Established in part to combat what Beard and Robinson had seen at Columbia, the New School was “created to oppose outrages against intellectual liberty, the institution sought to promote the study of human affairs in order to renovate democracy.”

They were blazing a new trail in adult education, a term that “had scarcely been coined and had generally taken to mean education for foreigners, lyceums, lectures, chatauquas, and the like.”

They believed that the social studies were a way to analyze the existing order of things as to allow for readjustments and social reform.

The 1919 “A Proposal for an Independent School of Social Science” argued that the circumstances over the past two and a half decades call for a “new type of leadership in every field of American life.”

The proposal suggests:

  • revamping labor organizations;
  • giving suffrage to women;
  • efficiently teaching, through the scientific method and training in the field, future employees who will become an integral part of the country’s infrastructure.

Men and women should be able to question anything and talk amongst themselves about any topic they deem fit and should be educated on the current issues. For an institution to be successful at this, they must not be under the donors’ thumbs in which monetary stake overrides intellectual progress. According to Beard, “Endowment spells dry rot. Given an endowed income, a group of professors will sit in their cushioned chairs, avoiding all issues that might arouse controversy.” The instructors shall be given the freedom to investigate, publish, and teach and be relieved of administrative duties. They declared that most of the money coming to the school would be spent on research and education rather than administration.

The moment they opened their doors, the school became a topic of controversy. Some believed that aside from offering a “unique line of teaching” that the school was spreading pro-German and un-American propaganda. An article in The National Civic Federation Review (April 10, 1919) investigated who was involved in the school. It stated that Croly attempted to justify Germany’s war of aggression in his book The Promise of American Life. It quoted Theodore Roosevelt as saying that Robinson’s textbook Medieval and Modern Times is “an outrageous piece of German propaganda.” The Junior League also deemed the subject matter taught by the school too socialist and radical and declared that their members were too young to understand the content sufficiently.

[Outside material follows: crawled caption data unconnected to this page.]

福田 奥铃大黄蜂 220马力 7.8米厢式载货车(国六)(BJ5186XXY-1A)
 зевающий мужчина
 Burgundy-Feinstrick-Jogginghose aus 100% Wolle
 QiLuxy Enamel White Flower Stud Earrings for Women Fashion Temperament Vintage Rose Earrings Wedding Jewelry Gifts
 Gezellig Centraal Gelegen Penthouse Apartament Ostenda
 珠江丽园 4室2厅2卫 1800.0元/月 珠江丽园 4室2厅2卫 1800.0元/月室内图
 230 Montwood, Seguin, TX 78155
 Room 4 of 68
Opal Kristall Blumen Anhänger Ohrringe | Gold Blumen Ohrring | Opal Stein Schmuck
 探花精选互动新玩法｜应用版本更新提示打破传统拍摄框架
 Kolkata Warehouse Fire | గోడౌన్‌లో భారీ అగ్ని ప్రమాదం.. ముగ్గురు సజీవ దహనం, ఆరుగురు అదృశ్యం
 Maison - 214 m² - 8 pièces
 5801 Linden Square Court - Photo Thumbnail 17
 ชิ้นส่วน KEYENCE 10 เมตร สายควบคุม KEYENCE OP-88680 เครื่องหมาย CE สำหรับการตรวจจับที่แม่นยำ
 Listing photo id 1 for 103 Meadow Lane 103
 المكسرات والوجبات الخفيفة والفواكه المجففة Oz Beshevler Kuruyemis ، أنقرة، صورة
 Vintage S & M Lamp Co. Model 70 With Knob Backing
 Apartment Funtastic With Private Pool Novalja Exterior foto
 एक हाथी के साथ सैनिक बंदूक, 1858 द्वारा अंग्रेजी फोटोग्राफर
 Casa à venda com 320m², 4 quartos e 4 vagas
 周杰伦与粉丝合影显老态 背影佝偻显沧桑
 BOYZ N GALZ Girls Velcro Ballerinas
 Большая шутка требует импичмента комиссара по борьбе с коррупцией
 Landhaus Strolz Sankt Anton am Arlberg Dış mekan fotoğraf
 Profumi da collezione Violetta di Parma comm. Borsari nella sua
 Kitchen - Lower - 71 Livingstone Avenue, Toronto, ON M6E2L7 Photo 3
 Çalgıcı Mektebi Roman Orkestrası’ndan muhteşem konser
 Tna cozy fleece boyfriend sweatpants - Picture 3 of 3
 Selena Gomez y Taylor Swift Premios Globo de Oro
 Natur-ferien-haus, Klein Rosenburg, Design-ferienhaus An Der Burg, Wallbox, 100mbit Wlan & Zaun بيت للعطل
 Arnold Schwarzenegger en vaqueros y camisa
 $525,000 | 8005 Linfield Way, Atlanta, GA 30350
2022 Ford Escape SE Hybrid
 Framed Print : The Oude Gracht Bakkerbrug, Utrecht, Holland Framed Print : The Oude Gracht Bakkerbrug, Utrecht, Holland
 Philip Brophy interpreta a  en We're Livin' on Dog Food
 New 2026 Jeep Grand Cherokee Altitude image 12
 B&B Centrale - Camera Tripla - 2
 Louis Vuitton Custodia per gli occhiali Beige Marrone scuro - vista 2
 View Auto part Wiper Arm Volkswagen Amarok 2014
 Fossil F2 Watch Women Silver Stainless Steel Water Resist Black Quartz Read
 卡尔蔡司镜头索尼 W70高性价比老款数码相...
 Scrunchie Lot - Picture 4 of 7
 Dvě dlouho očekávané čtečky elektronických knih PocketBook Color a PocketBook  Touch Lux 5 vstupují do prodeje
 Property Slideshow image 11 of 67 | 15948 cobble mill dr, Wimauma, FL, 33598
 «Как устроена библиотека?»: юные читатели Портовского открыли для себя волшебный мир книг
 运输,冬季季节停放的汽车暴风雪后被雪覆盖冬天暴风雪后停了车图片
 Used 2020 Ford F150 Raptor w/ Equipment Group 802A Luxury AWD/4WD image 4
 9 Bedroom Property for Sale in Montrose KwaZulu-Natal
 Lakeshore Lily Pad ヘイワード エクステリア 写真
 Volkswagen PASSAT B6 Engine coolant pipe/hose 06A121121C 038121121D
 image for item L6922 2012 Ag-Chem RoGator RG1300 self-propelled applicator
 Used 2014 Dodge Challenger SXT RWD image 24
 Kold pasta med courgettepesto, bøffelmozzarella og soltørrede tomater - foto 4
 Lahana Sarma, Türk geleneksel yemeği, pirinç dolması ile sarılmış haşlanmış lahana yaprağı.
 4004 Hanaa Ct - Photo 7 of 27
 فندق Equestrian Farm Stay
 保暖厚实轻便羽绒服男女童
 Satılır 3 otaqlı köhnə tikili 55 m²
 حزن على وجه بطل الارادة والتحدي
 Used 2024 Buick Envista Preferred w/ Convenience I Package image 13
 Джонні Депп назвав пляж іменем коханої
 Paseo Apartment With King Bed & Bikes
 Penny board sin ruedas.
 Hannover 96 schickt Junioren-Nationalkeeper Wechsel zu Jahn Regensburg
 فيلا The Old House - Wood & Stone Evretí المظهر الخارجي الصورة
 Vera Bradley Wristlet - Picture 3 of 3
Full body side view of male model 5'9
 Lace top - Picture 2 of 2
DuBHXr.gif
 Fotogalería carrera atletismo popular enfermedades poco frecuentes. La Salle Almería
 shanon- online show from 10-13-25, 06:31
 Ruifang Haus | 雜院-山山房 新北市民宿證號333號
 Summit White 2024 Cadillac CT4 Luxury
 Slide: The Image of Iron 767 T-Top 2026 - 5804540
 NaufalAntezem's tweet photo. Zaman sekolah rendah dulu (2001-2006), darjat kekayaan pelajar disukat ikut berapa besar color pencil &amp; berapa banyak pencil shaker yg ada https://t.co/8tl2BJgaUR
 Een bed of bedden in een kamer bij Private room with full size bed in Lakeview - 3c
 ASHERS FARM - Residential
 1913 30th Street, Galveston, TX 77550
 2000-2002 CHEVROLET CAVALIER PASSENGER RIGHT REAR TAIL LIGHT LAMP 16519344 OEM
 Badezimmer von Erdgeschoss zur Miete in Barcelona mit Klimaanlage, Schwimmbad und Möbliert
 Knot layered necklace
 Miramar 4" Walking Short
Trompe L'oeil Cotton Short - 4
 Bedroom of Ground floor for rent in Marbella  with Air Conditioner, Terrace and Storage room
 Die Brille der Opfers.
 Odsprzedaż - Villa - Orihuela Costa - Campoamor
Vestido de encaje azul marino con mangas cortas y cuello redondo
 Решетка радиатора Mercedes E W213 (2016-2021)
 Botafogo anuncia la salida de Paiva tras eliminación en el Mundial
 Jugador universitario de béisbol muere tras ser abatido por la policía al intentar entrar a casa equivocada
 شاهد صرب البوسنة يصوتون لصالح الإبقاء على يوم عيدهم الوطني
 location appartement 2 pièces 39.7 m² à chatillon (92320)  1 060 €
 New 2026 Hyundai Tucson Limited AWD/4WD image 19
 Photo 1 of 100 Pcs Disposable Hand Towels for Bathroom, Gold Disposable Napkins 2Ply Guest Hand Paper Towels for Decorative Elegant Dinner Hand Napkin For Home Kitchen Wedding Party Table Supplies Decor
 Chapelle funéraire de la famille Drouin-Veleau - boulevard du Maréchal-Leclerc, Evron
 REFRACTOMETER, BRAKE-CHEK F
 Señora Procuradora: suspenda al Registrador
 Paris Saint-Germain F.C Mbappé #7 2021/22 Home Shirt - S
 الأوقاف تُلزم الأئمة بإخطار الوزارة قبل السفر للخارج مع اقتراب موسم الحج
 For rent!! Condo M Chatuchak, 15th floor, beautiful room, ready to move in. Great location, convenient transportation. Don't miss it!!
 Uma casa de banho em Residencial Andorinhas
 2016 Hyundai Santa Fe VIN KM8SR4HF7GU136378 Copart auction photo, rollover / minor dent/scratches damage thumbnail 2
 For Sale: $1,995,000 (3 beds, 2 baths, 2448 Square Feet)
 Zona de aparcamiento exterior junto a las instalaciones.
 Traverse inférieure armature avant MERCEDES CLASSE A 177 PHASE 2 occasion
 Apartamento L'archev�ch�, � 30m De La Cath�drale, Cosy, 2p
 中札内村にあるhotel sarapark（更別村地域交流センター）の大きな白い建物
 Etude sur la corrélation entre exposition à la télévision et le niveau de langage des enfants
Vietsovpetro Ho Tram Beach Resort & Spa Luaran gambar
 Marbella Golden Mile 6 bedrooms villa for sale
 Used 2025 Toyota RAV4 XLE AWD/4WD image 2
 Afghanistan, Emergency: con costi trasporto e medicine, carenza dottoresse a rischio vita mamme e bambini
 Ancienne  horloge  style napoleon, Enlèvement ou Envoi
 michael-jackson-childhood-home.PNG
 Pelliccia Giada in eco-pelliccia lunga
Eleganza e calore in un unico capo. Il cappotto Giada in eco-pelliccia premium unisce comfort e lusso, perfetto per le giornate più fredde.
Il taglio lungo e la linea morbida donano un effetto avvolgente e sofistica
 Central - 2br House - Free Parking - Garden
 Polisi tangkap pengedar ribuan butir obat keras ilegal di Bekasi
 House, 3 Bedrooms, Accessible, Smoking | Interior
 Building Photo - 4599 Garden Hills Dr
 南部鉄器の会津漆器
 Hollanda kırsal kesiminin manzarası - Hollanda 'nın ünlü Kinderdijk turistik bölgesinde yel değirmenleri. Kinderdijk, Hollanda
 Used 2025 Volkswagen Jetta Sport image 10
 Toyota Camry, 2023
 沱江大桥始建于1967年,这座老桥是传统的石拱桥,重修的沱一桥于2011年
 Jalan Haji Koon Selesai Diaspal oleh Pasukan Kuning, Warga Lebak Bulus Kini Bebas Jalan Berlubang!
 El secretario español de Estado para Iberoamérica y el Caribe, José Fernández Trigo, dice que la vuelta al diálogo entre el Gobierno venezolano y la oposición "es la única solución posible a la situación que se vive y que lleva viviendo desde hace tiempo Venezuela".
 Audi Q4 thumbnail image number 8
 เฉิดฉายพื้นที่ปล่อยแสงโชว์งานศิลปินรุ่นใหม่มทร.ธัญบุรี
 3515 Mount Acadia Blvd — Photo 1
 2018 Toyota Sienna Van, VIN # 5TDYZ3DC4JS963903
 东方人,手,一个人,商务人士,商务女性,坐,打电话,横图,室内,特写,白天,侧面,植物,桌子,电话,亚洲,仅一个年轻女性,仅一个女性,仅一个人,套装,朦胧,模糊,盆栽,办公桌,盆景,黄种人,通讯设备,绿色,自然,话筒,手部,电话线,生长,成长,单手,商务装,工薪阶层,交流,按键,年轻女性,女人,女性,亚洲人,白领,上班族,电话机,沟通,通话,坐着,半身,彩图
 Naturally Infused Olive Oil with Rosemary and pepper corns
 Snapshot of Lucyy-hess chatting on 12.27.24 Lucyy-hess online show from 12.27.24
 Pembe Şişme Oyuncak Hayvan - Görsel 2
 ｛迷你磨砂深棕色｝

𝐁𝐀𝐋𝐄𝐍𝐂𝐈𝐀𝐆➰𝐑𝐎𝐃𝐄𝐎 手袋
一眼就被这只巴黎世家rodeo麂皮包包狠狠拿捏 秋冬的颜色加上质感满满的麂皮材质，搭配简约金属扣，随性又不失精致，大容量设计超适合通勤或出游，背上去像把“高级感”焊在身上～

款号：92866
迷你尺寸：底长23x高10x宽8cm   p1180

The school had specialists in their field come and teach. There was Thorsten Veblen, the “heretical economist”; Wesley Clair Mitchell, the “pioneering student of business cycles”; Emily James Putnam, the “historian and leader in women’s education”; John Dewey, the “great philosopher of democracy and reform”; Horace Kallen, the “important student of ethnicity and cultural pluralism”; and many other progressives and pragmatists. The courses they taught went for $20.00 a course for each semester (which is $270.00 in 2013). They had open and closed courses: classes were either for the general public or for students who worked in the field or who the instructors thought had a special aptitude for the field. Classes were also held in the evenings so as to allow these who worked to be able to attend. There were 782 students in the founding year.